The last of his generation?
Les, a friend from our days as boys together in rural Somerset, emailed from his south Devon home this morning. Vigar, a farmer well-known in our village community from boyhood days, had died at the age of 82.
People are born and people die, death and taxes are the only certainties in this life; but there was an indefinable sense of loss as I read the news. Another piece of the jigsaw has gone, another familiar sight in the local community has disappeared.
The working farmers, the men (and women) who ran the countless small farms the length and breadth of England become rarer each day. Vigar would have been of the post-war generation of farmers who could make a living on a small, mixed farm.
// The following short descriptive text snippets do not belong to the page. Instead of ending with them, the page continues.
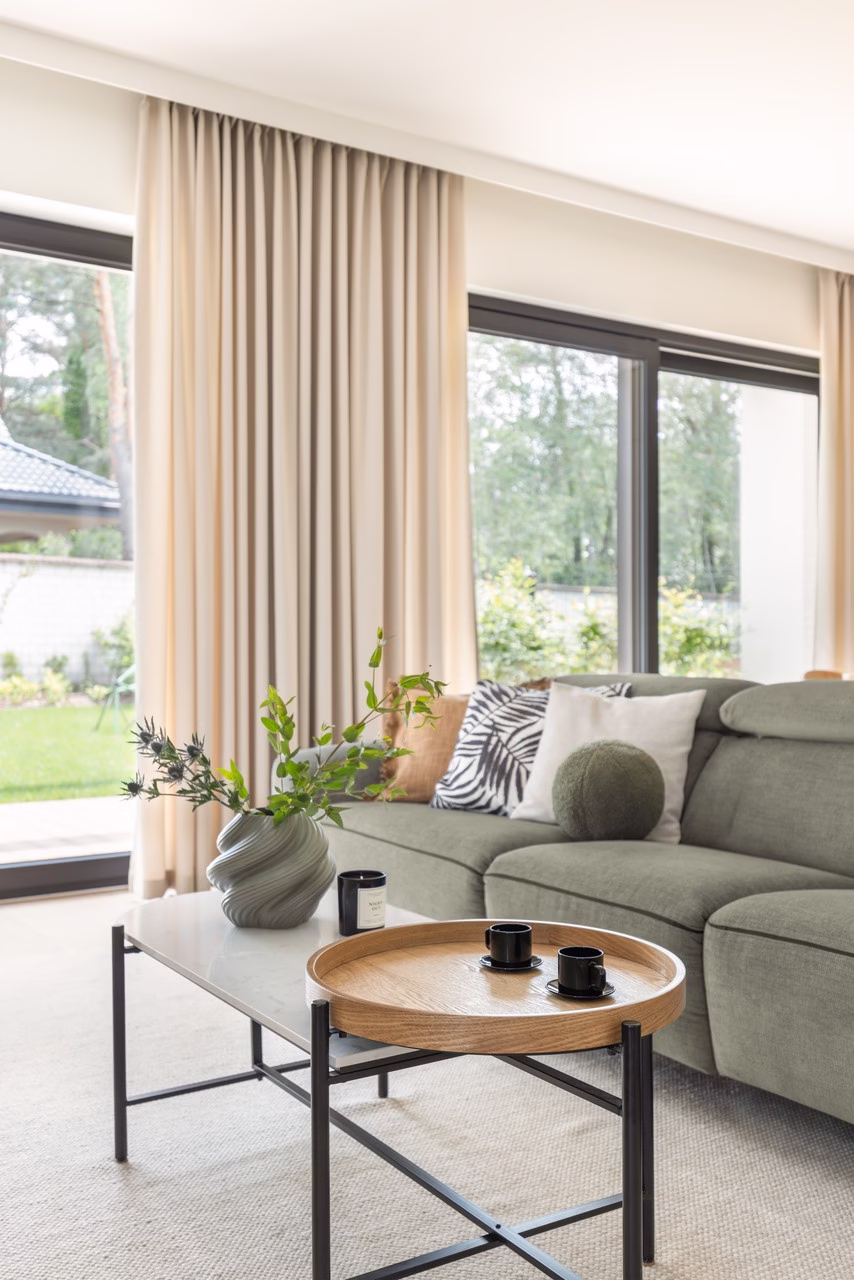Elegancki salon z widokiem na ogród, nowoczesna sofa i stolik.
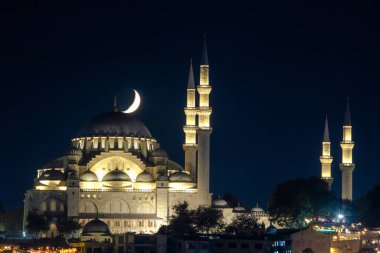 Ramadan or islamic photo. Suleymaniye Mosque and crescent moon. Kandil or laylat al-qadr or islamic or kadir gecesi concept background. Selective focus.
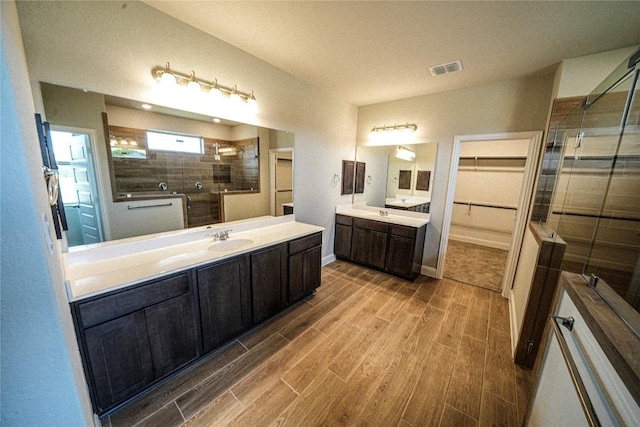 bathroom featuring a stall shower, visible vents, a sink, wood tiled floor, and two vanities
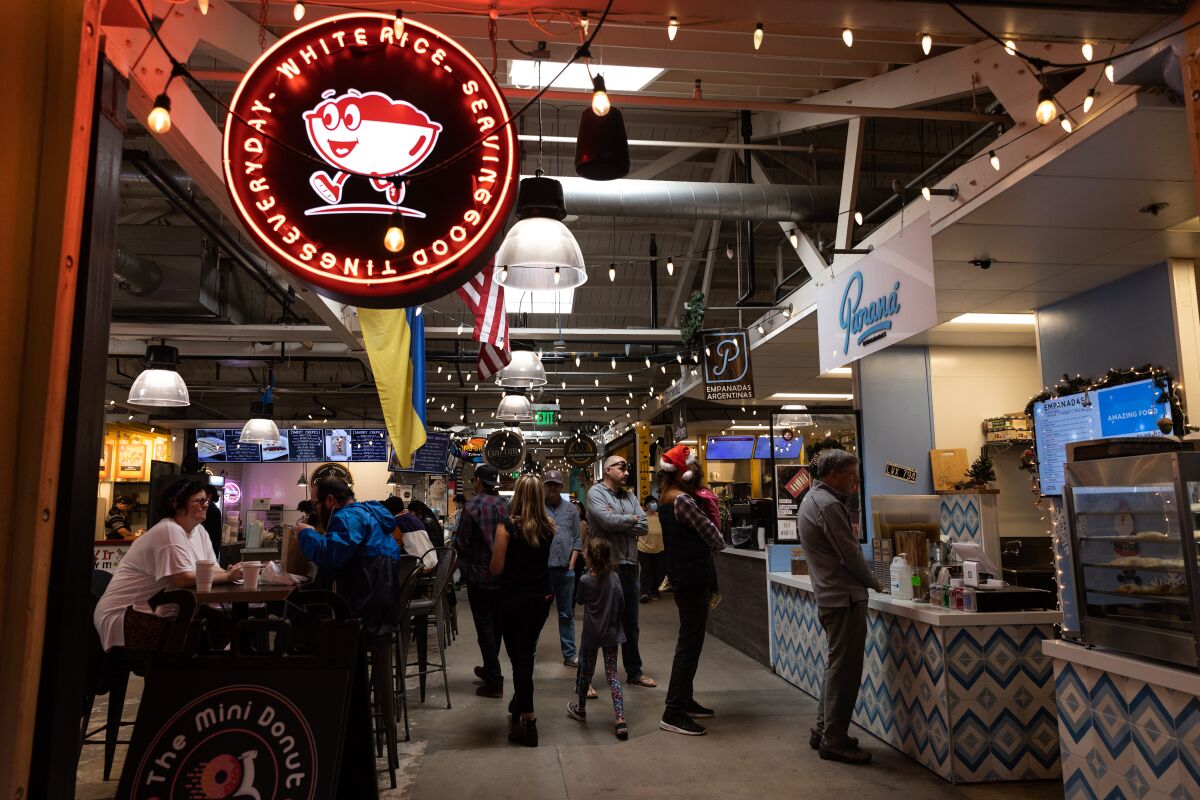 Shoppers wait in line for food at the Liberty Public Market on Christmas Eve Saturday, December 24, 2022.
The days before the Common Agricultural Policy rewarded huge agri-businesses for producing crops that no-one wanted; the days before quotas, and BSE, and Foot and Mouth and Blue Tongue. With a few dozen acres and cows for milking and pigs for fattening and hens for eggs and potatoes each autumn, with a grey Massey Ferguson and an old Land Rover, you could live – my own Grandad did.
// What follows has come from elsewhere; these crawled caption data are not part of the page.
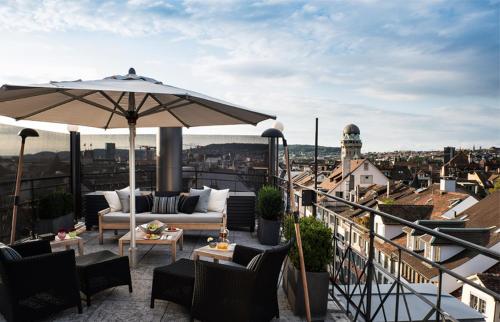 eine Terrasse mit einem Sofa und einem Sonnenschirm auf dem Balkon in der Unterkunft Widder Hotel - Zurichs luxury hideaway in Zürich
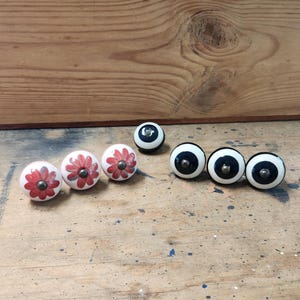 May include: A collection of decorative cabinet knobs. Three white knobs with red flower designs and three black and white knobs with brass-colored hardware are displayed. A single black and white knob is also present.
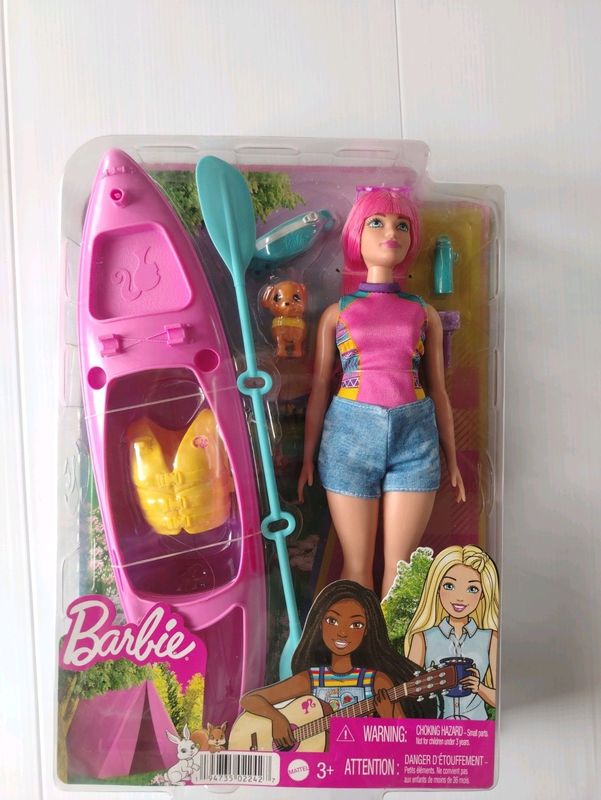 Barbie doll with camping accessories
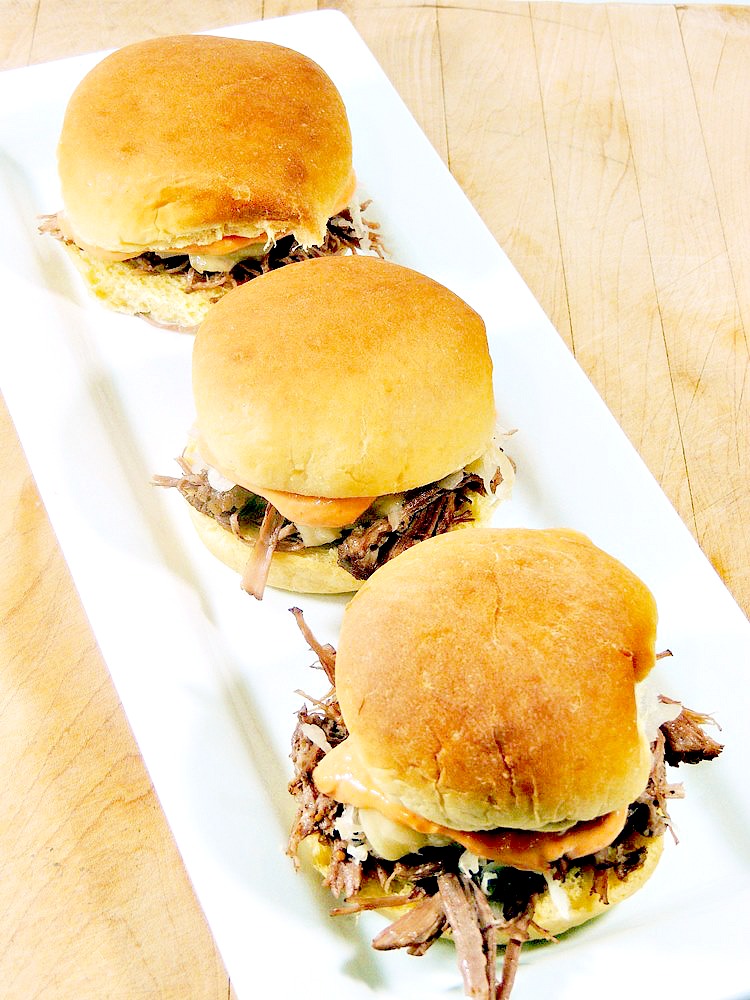 Make this Reuben Sliders recipe for your next Super Bowl or St Patrick's Day party. They are cute, tasty, and sure to please your guests! BONUS is that you make the corned beef in your slow cooker for set it and forget it preparation. For a keto, version try making them into lettuce wraps or use fat head dough buns! #slowcooker #beef #cornedbeef #keto #stpatricksday #superbowl #gameday #recipe | bobbiskozykitchen.com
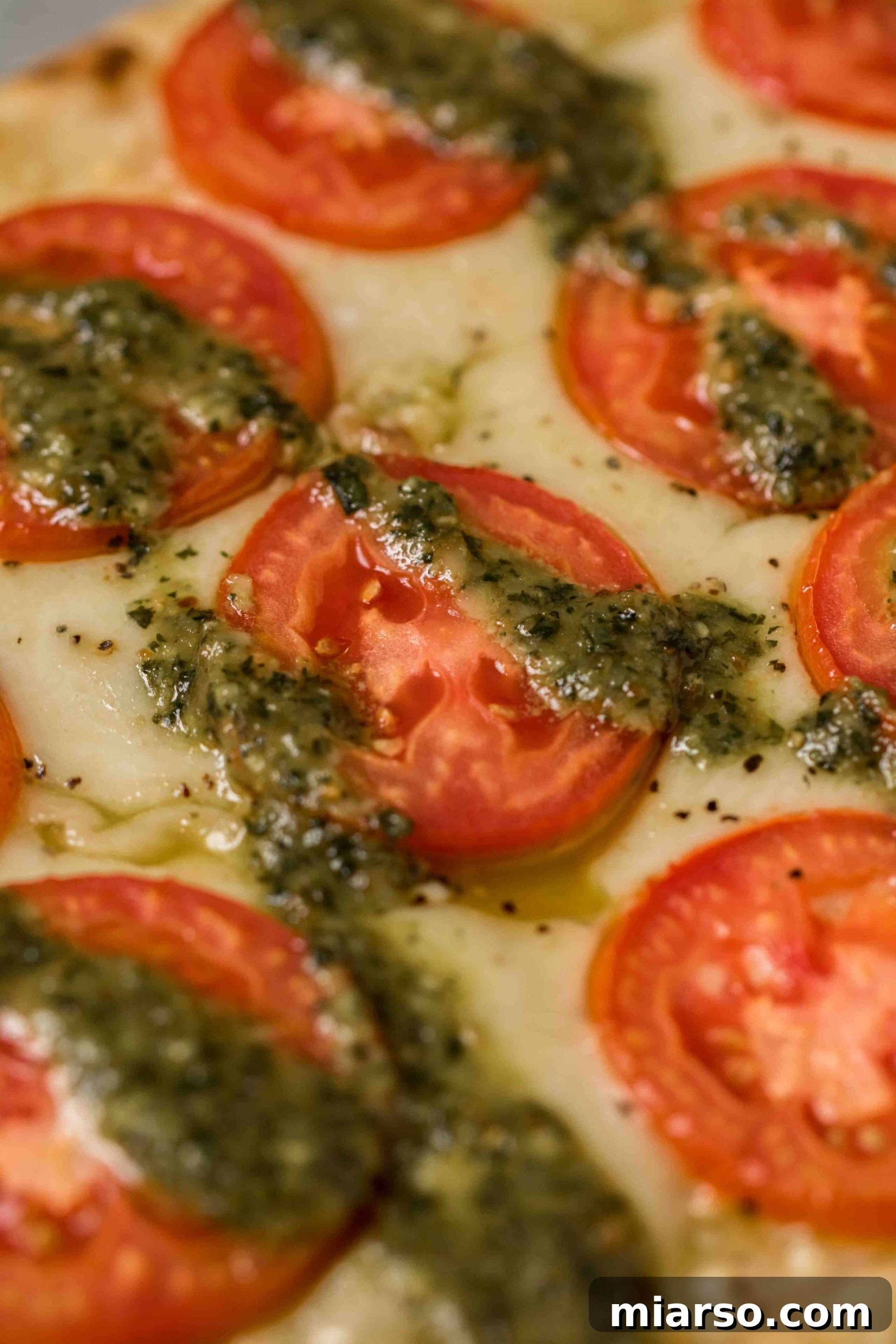 Close-up of melted mozzarella, fresh tomato slices, and vibrant pesto on a flatbread pizza
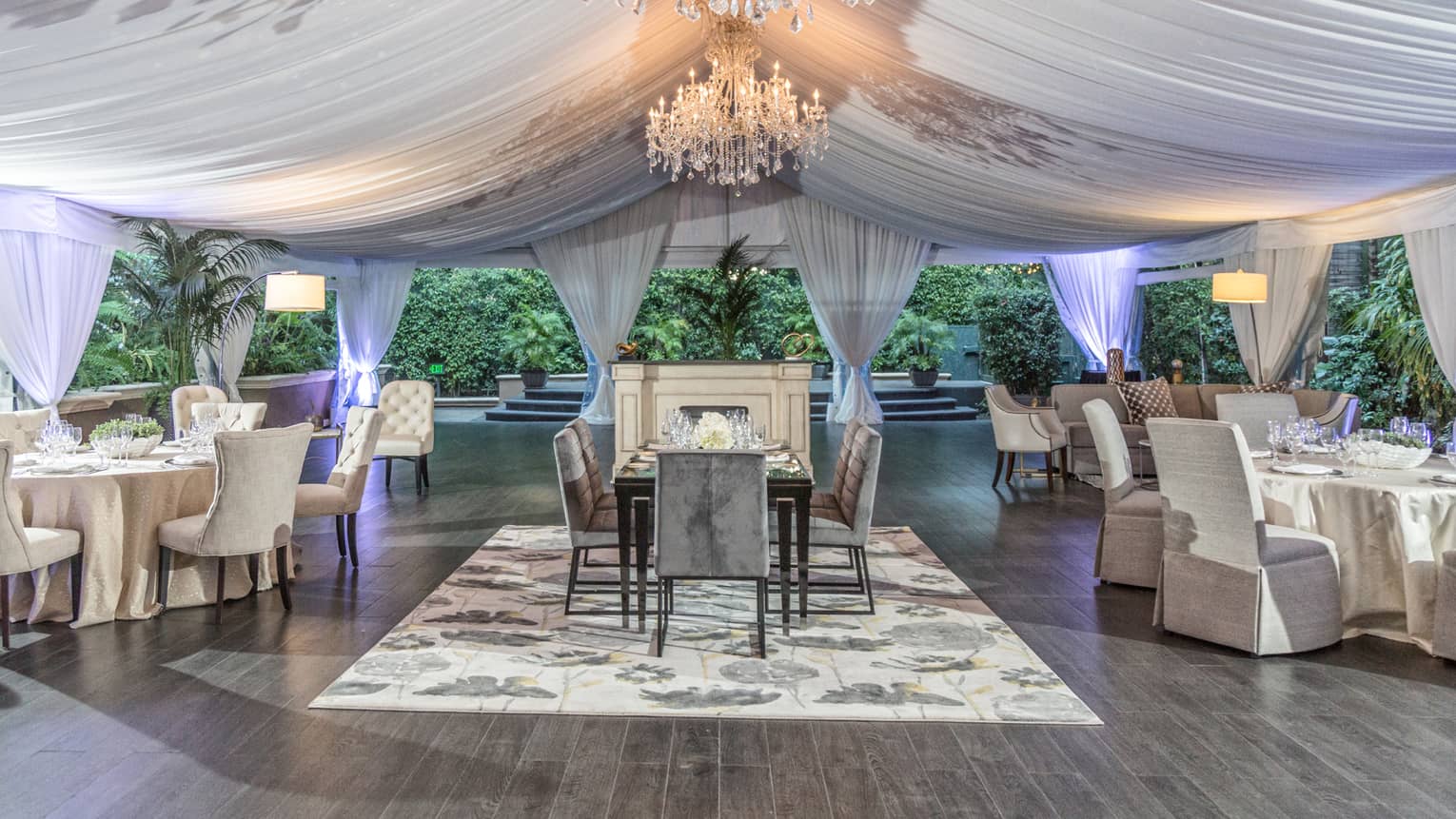 The Pavilion outdoor event space with dining tables under white fabric tent, crystal chandelier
The change has been slow, but complete. The pastoral landscape, the meadows for grazing and hay with their miles of hedgerows, has disappeared, making way for bigger fields and arable land. Farming is business; agricultural science and management and administration press down on those who in former generations learned all they needed from fathers and grandfathers.
But the change is about more than the farming. It has been about the change in rural communities. The buying up of houses by weekending Londoners; the shift away from the land by successive generations of young people; the pricing of local people out of the housing market by the spending power of those commuting to nearby towns and cities, has removed piece after piece from the jigsaw. The last places in England where community still endures are under threat from expensive cars, electric gates and gentrification.
Vigar is one more piece that has gone, the picture fades further. The sense of loss is for a world that threatens to be no more.
Thanks Ian a very fitting tribute to Vigar.England is a smaller place than it used to be, maybe I am of that age but the ‘I’ve got considerably more money than you’ and ‘I can do whatever I want in this village’ sickens me. Oh to be 10 again!!
Too true I’m afraid although there’s no such thing as a ‘small’ farm where I come from but life in rural areas is still very community minded.
Speaking of changing landscapes, I remember small farms from my childhood and my many visits to the old dart. I still have (as you know) a very romantic notion of small British farmholdings and hedgerowed fields. Today, it’s all combine harvesters and huge seeding machines, rotalactor dairies and battery hens. Such a shame. It seems an eon ago when I used to be given a ride home on a donkey, courtesy of one of the farm lads, after buying free range eggs from Shenton’s farm in Cheshire!
Vale Vigar, let’s hope there are still a few more like you around yet!